By Sebastine Obasi With Agency Report
OIL fell around 1 percent yesterday as investors continued to unwind bets on higher prices after record cuts last week because of concerns that growing United States oil output could hamper an Organisation of Petroleum Exporting Countries, OPEC-led production cut deal.
Benchmark Brent crude futures were down 55 cents at $51.21 a barrel, while U.S. West Texas Intermediate (WTI) crude futures were trading 73 cents lower at $48.05 a barrel.
“Speculative investors have thrown in the towel it seems. We’ve got record selling in the week ending March 14 and the bleeding has not stopped yet,” said Carsten Fritsch, senior commodities analyst at Commerzbank in Frankfurt, Germany.
Oil futures have retreated in the past two weeks as a supply overhang driven by rising production from the United States overshadows a deal by OPEC and other producers to reduce output. The persistent glut prompted hedge funds and other money managers to cut their net long U.S. crude futures and options, positions by a record amount in the week to March 14.
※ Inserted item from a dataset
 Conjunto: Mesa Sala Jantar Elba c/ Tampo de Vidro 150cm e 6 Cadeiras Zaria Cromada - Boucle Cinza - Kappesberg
Yesterday, ICE data showed speculators reduced long positions on Brent by 66,683 contracts, the highest since November 2016. This means that speculators last week cut more than 150,000 contracts betting on firmer oil prices, a record high.
Latest U.S. drilling data supported estimates for higher production, with 14 oil rigs added in the week to March 17 to 631, the most since September 2015, energy services firm Baker Hughes Incorporated said on Friday. Growing U.S. production is playing into concerns about the effectiveness of the deal to cut production by the Organization of the Petroleum Exporting Countries and non-OPEC members. The prospect of higher output from Libya, which is exempt from the deal, is adding further bearish sentiment.
Libya’s National Oil Corporation (NOC) said it was confident of regaining control of two key oil ports, Es Sider and Ras Lanuf, which have a combined capacity to export 600,000 bpd.